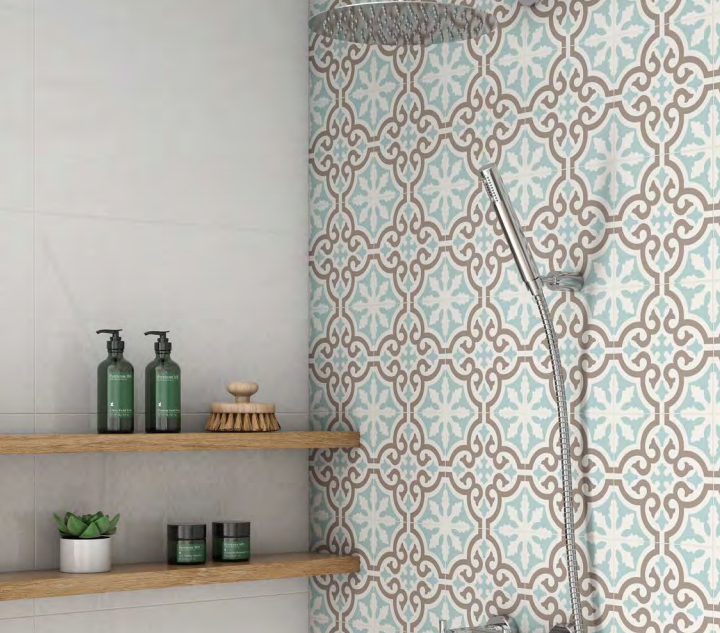 A bathroom with a shower , soap dispensers , and shelves.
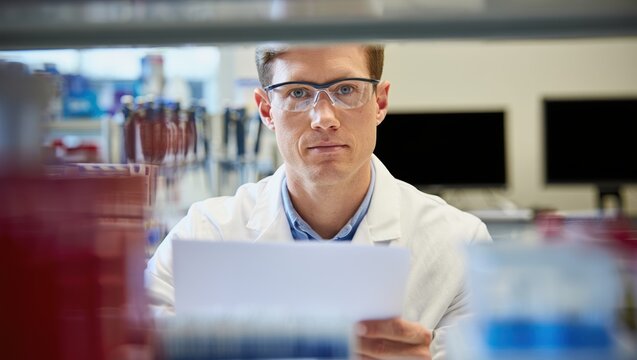 Microbiologist in a crisp white lab coat studies data through clear safety glasses.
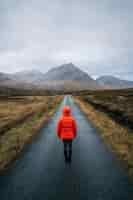 Free photo woman walking on a road in glen etive, scotland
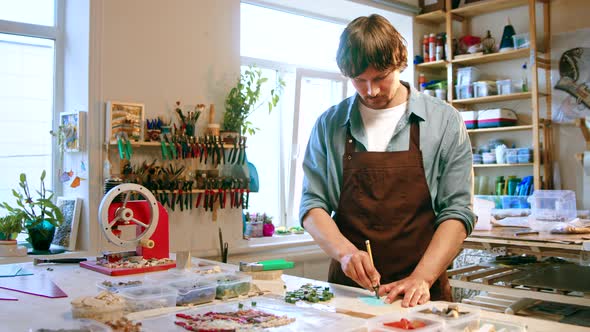 Young man cutting a piece of glass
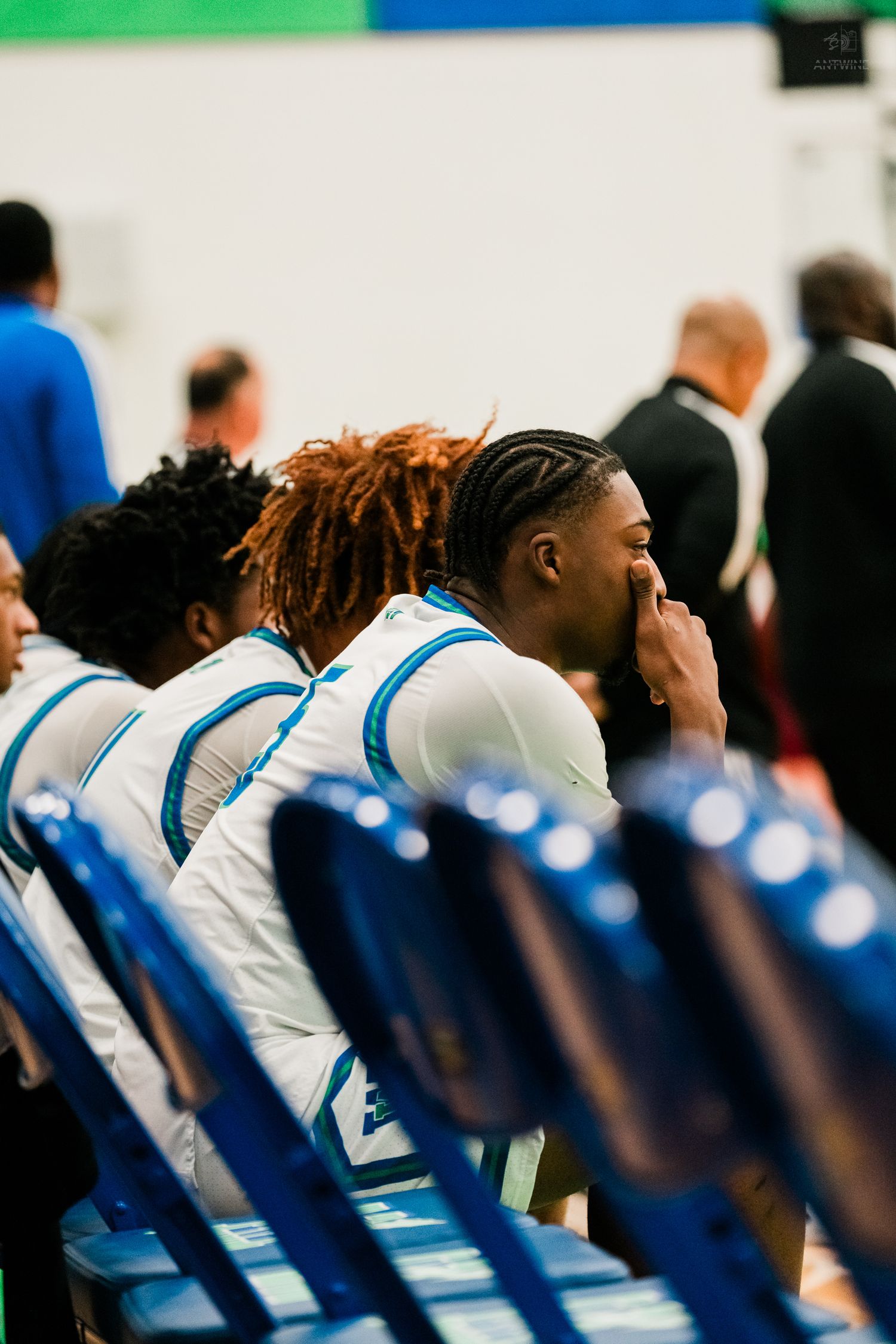 High school basketball player with braids sitting on bench during indoor game.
#####
◆ What is required:
Your answer should be the lines from the line containing "Free photo woman" through the end of the listing above, output exactly and alone, without the pictures.

◆ Your solution:
 Free photo woman walking on a road in glen etive, scotland
 Young man cutting a piece of glass
 High school basketball player with braids sitting on bench during indoor game.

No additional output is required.